Au final, 'In Too Deep' s'avère être un score atmosphérique lent et monotone parsemé de quelques rares moments de suspense et d'action, un score qui représente à merveille le côté psychologique du film tout en étant associé au protagoniste principal interprété par Omar Epps. Avec 'In Too Deep', on sent une réelle volonté du compositeur d'aborder d'autres horizons musicaux, comme il le fait déjà depuis plusieurs années en mettant en musique des drames ou des comédies en tout genre.
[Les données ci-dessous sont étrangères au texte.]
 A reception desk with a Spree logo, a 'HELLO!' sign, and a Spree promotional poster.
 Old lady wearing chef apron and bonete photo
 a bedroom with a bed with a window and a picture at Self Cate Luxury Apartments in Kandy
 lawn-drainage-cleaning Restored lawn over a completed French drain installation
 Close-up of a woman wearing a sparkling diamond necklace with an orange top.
Cependant, 'In Too Deep' témoigne encore du goût du compositeur pour des ambiances orchestrales/électroniques noires et inquiétantes, une inquiétude qui rivalise ici avec une mélancolie qui se serait avérée être bien plus poignante si le compositeur avait songé à écrire un thème fédérateur fort pour sa partition, et ce malgré la présence d'un bref motif harmonique de cordes dans quelques morceaux. Si le score renforce le côté sombre et psychologique du film de Michael Rymer, il déçoit par son manque d'énergie, son côté parfois ennuyeux et le manque de renouvellement du compositeur. On aurait par exemple aimé entendre Young développer un peu plus les rythmiques R&B à peine effleuré dans deux ou trois pistes du score, un style musical auquel le compositeur ne s'était encore jamais vraiment confronté (sauf peut-être dans 'Set It Off') et qui aurait donné un peu plus de cohérence à sa musique dans le contexte du film. Mais le compositeur a préféré opter pour une approche plus orchestrale et atmosphérique pour éviter sans aucun doute la redondance avec les chansons rap/R&B du film. Il ne fait donc aucun doute que le score de 'In Too Deep' s'avère être une partition totalement mineure dans la carrière de Christopher Young, mais cela n'empêche en rien de s'intéresser à ce score sur lequel plane l'ombre du Young des musiques de thrillers et des drames intimistes.